EXERCISE REQUIREMENTS: Write out again only the lines that run from the start of the entries to the line containing "Börekten Çıkan İstenmeyen Sürpriz", both included.

Web page caption snippets:
*** Begin section ***

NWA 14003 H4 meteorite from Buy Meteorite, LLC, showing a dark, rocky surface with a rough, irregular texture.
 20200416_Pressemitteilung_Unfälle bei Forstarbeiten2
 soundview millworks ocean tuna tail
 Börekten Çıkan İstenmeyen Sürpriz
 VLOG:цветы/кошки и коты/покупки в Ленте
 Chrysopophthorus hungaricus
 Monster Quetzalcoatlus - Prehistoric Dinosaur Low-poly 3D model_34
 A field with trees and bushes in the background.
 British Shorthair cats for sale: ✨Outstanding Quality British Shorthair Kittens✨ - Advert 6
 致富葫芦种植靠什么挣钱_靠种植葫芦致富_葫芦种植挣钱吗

*** End section ***

ANSWER TO THIS EXERCISE:
NWA 14003 H4 meteorite from Buy Meteorite, LLC, showing a dark, rocky surface with a rough, irregular texture.
 20200416_Pressemitteilung_Unfälle bei Forstarbeiten2
 soundview millworks ocean tuna tail
 Börekten Çıkan İstenmeyen Sürpriz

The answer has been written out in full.